1 /*
2  * See copyright in copyright.h and the accompanying file COPYING
3  */
4 
5 /*
6  *========================================================================
7  * This is a test that checks to see if the rng generates bit patterns
8  * (n-tuples) that are distributed correctly (binomially).  For example,
9  * for 2-tuples (bit pairs) there are four possibilities: 00, 01, 10, 11.
10  * Each should occur with a probability of 1/4, hence the count of (say) K
11  * 00 bitpairs out of N trials should be distributed (over M samples)

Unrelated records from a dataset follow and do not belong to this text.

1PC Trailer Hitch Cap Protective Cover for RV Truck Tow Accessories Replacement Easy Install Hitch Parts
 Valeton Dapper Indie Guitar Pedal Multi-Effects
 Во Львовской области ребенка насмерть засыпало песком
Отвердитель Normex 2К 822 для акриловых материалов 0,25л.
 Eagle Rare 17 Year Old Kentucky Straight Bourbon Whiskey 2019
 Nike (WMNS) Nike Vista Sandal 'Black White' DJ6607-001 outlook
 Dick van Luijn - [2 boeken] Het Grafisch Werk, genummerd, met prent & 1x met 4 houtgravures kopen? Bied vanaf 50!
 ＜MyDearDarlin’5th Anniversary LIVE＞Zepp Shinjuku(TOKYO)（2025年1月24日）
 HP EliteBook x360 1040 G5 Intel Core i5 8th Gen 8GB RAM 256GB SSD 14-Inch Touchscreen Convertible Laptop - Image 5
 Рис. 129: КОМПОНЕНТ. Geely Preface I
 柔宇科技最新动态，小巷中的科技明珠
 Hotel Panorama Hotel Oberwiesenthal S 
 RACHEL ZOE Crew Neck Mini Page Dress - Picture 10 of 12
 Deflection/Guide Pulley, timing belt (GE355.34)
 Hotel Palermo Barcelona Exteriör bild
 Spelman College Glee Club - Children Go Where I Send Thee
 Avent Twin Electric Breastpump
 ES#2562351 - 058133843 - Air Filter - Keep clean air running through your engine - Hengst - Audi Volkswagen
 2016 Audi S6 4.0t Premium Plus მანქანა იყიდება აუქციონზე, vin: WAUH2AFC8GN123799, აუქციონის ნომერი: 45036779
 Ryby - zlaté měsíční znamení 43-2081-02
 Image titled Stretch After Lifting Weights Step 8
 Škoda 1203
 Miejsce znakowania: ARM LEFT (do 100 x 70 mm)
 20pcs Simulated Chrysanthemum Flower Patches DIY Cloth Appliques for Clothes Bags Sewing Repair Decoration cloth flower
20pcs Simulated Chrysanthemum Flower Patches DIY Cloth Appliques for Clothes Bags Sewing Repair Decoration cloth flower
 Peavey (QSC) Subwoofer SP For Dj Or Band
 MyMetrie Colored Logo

12  * according to the binomial probability p = binomial(N,K,0.25) -- that
13  * is, the expected count for k 00's is M*p(N,K,0.25).
14  *
15  * This test should be more sensitive than just doing a large number of
16  * trials and aggregating all the 00's over all the samples and comparing
17  * the result to the expected mean, as there can be distributions that
18  * have the expected mean of 0.25 that are >>not<< binomially distributed.
19  *
20  * By making a single program capable of doing any n-tuple, we gain
21  * immediate benefit.  Both STS and Diehard, for example, contain
22  * tests that validate bit distribution frequencies; however, they typically
23  * do so for specific n-tuples, e.g. 5 in several diehard tests.  There
24  * is nothing terribly special about 5, and no point in looking too
25  * hard at e.g. intervals between patterns at 5, since testing pure
26  * frequency at 6 bits simultaneously ensures that all 6 bit patterns have
27  * the correct frequency (since they are sub-patterns of 6 bit patterns
28  * that have the correct frequency, and if they had the INcorrect frequency
29  * the six-bit patterns would as well by inheritance) and (less obviously,
30  * but I'm pretty sure I can prove it) that intervals between the five
31  * bit patterns must also be correct IF the test is satisfied robustly
32  * for various arbitrary test string lengths and sampling counts.
33  *
34  * Anyway, I'm giving this one a shot as it may end up being a one-size
35  * fits all tool for validating bitlevel randomness for any generator,
36  * up to some n-tuple.  I expect that 2004/2005 computers will easily
37  * be able to validate through n=8 without really warming up or taking
38  * terribly long (validating the frequency and distribution for e.g.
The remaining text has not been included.